A fun way to balance budgets?

So maybe “fun” is a bit of an overstatement, but those smarty pants at Education Resource Strategies have certainly put together an engaging tool for gauging the relative costs and savings to districts when looking at effective ways to align school resources.  The web-based tool, School Budget Hold’em, uses the conceit of a card game to highlight research-based strategies for getting the most out of precious — and in most districts shrinking — school dollars along with the projected impact those strategies will have on the total budget.

The timing couldn’t be better. As Jim Hull’s aptly titled report Cutting to the bone makes clear, school districts across the country are in financial dire straits and the situation is not likely to change soon. This is forcing school boards to make very difficult choices about where to invest their resources and where they may need to cut.  

School Budget Hold’em works like this. You select how much you want to increase or decrease your budget (eg., -2%, -5%, +2%, etc). A series of “cards” are then displayed for varous strategies. For example, you select increasing your pre-k enrollments by 50% under “investments.” You find that this will increase your budget by +1.0%. You then look at the “savings” side and see a range of choices, like increasing class size by 2 (- 1.6% savings) or furloughing teachers for 3 days (- 0.7%). The tool keeps a running tab on your investments/savings, and your cards can be played and unplayed until you hit your target.
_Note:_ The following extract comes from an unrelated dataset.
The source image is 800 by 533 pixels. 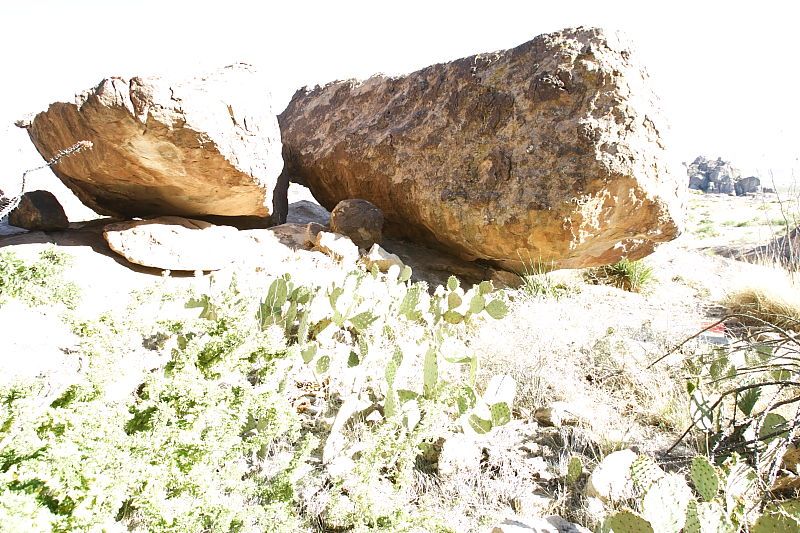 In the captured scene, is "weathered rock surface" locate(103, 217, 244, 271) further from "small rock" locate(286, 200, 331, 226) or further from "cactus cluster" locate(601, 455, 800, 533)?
"cactus cluster" locate(601, 455, 800, 533)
What I like most about this tool is the “why” button. In addition to the projected costs/savings, each strategy has an explanation of its potential benefits to students based on research.  This enables players to explore return on investment in terms of outcomes as opposed to budget implications alone. Some strategies, like “eliminate summer school,” come with a big alert, basically telling players, “you don’t really want to go there.”

The ERS tool isn’t going to replace the hard work school leaders face in re-allocating scarce resources.  But it’s a good starting point for thinking about the trade offs and might even be helpful when defending these decisions to the community.